## Information
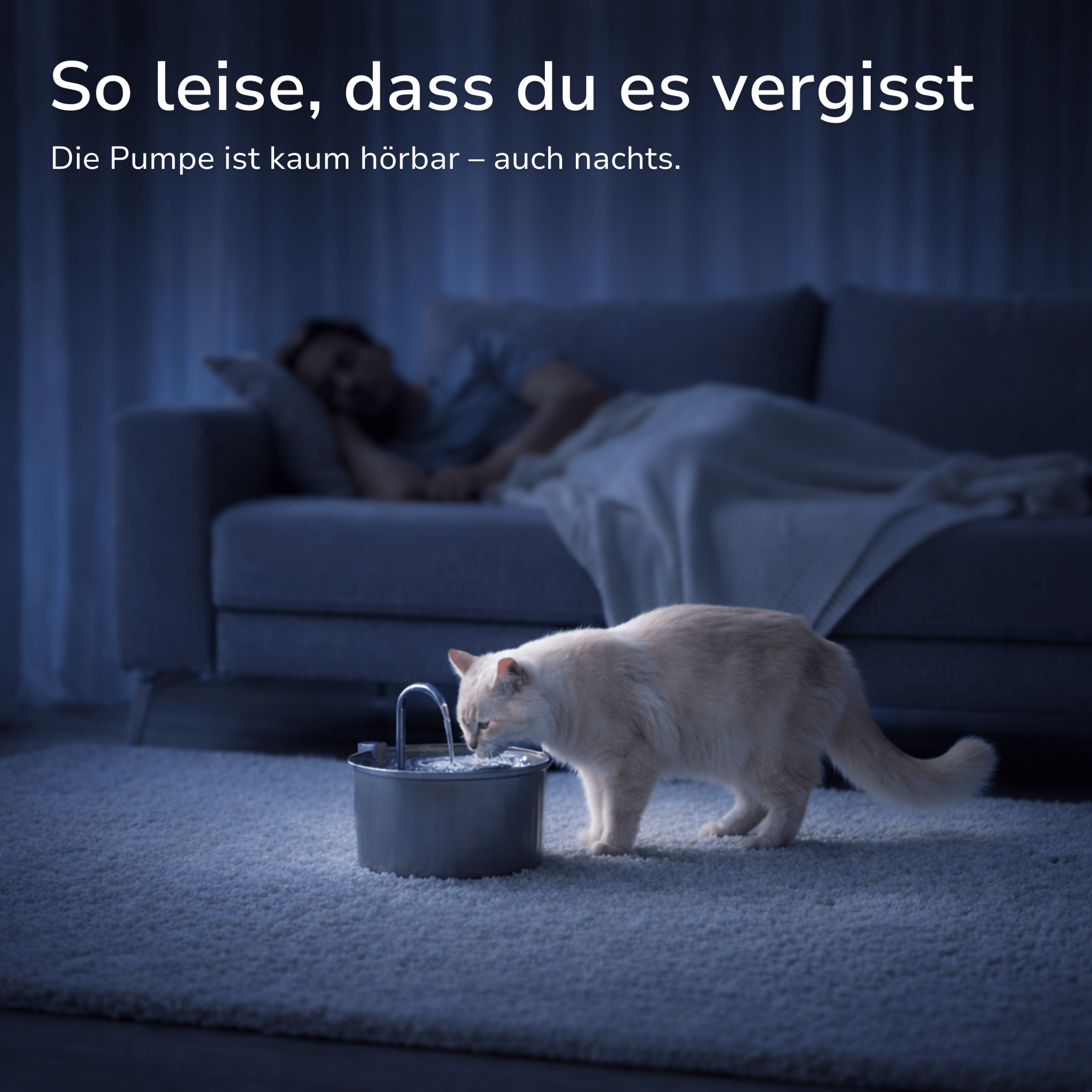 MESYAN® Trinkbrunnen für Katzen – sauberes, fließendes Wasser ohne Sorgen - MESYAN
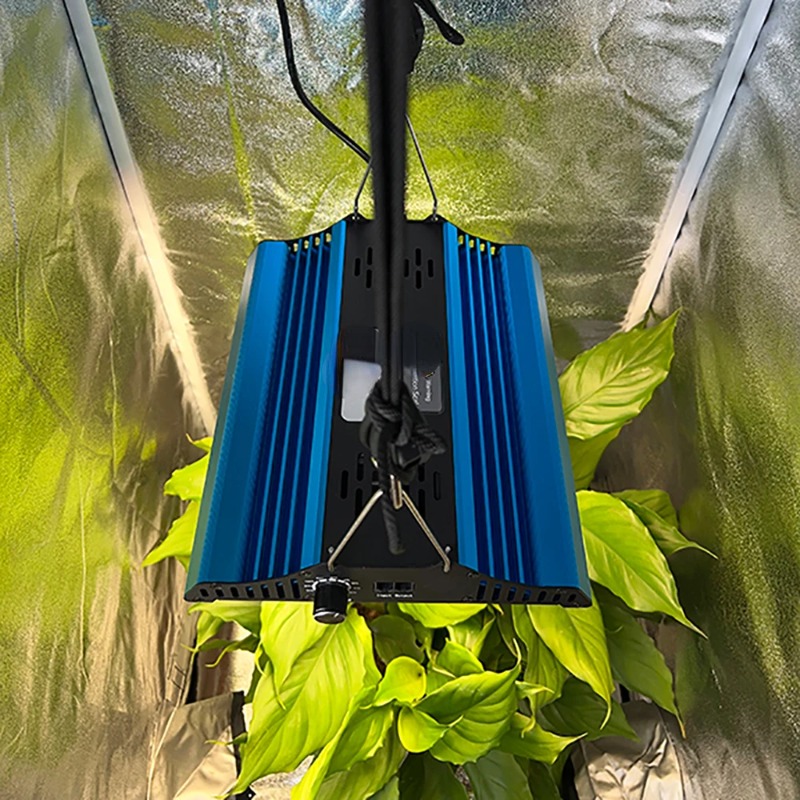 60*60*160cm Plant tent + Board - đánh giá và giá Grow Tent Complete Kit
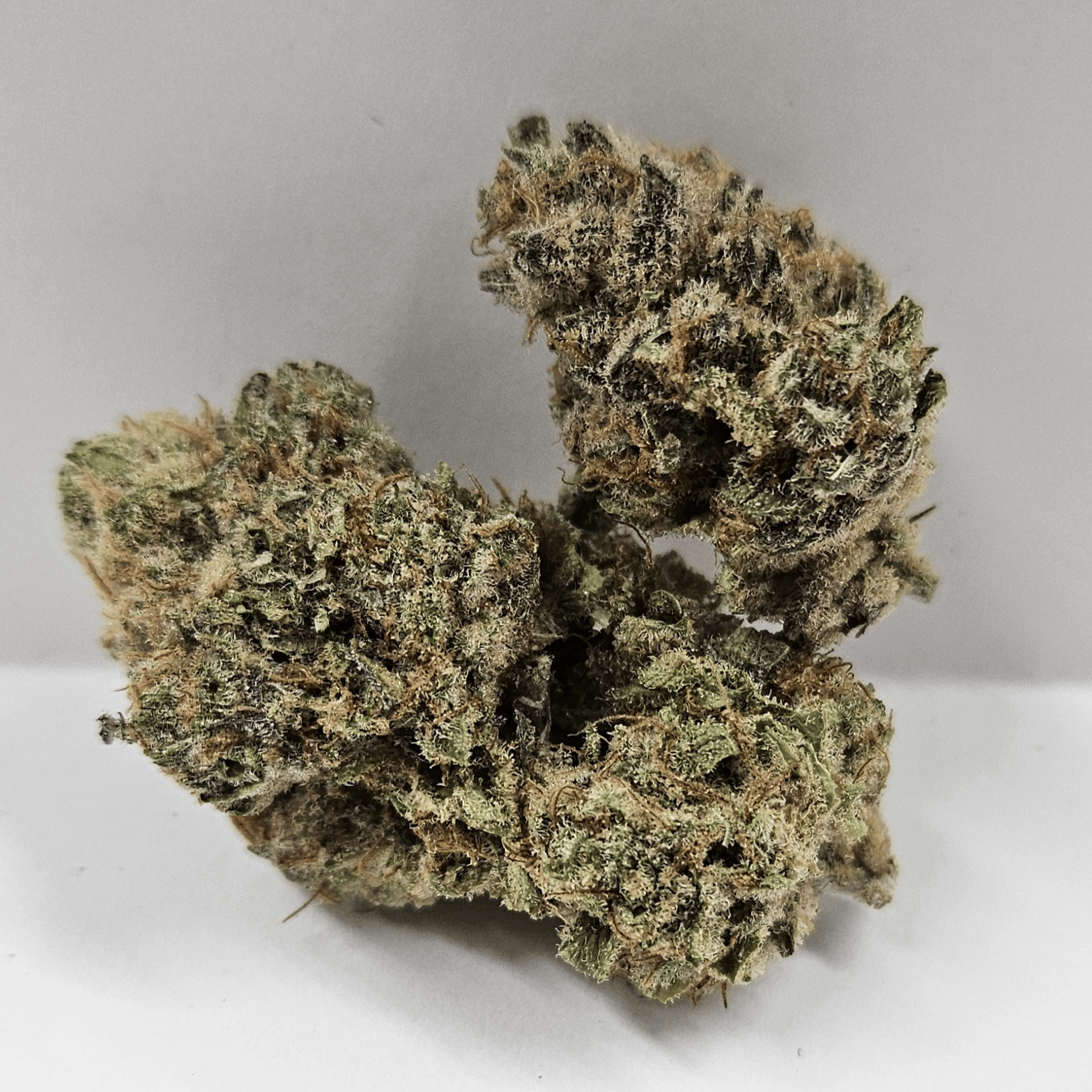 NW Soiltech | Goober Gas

* * *

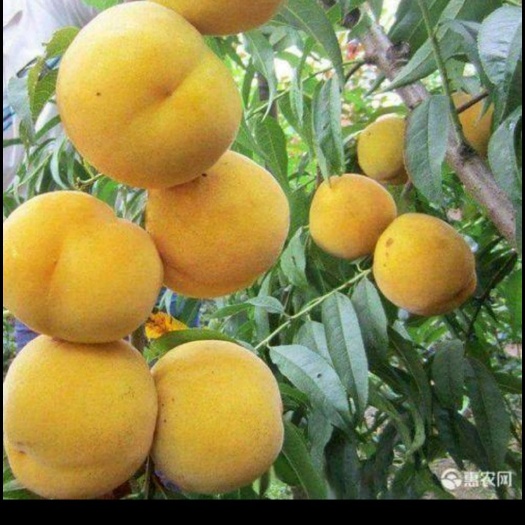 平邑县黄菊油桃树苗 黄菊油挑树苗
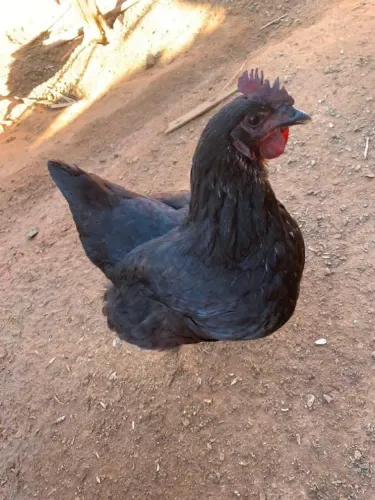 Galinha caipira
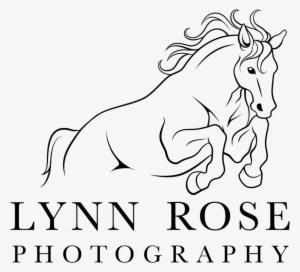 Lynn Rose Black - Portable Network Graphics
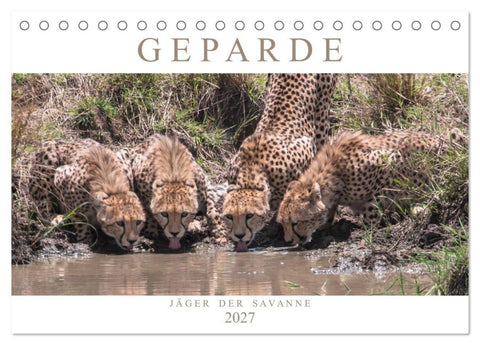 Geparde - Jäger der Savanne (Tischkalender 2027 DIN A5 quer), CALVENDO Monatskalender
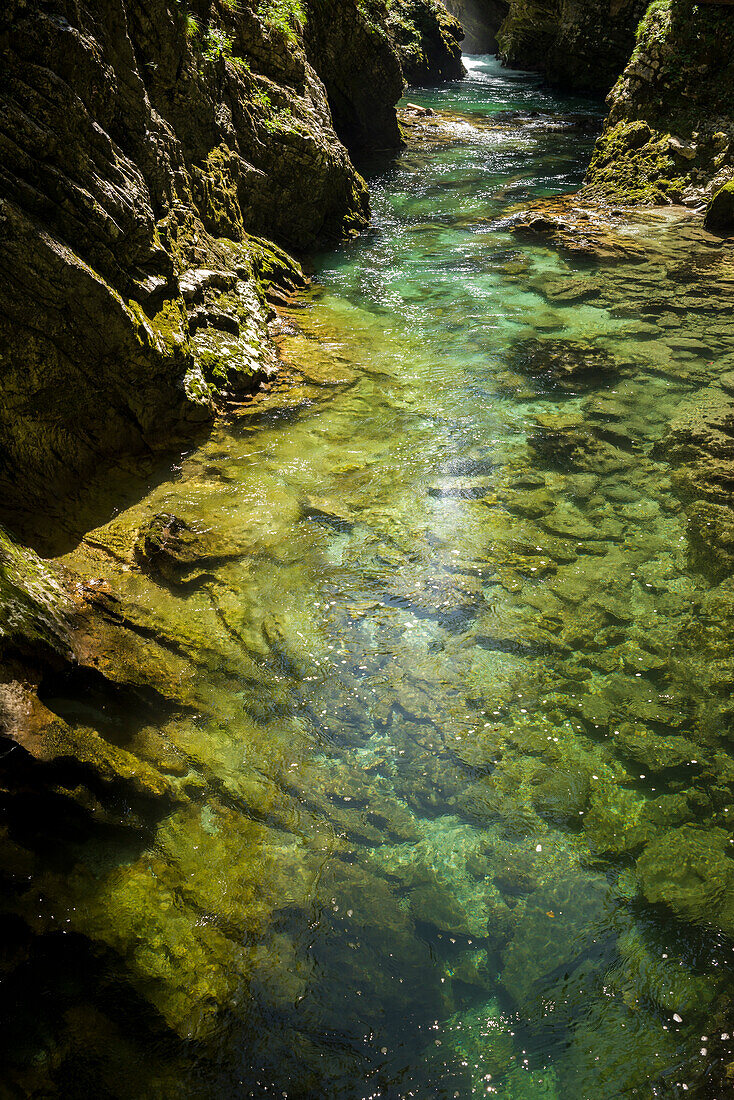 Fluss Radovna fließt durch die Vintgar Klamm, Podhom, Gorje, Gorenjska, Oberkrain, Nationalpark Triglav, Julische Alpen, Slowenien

## Your task
Return, exactly as they stand, the lines above from the one with "Geparde - Jäger" to the one with "Fluss Radovna fließt", omitting any pictures among them.

## Written answer
 Geparde - Jäger der Savanne (Tischkalender 2027 DIN A5 quer), CALVENDO Monatskalender
 Fluss Radovna fließt durch die Vintgar Klamm, Podhom, Gorje, Gorenjska, Oberkrain, Nationalpark Triglav, Julische Alpen, Slowenien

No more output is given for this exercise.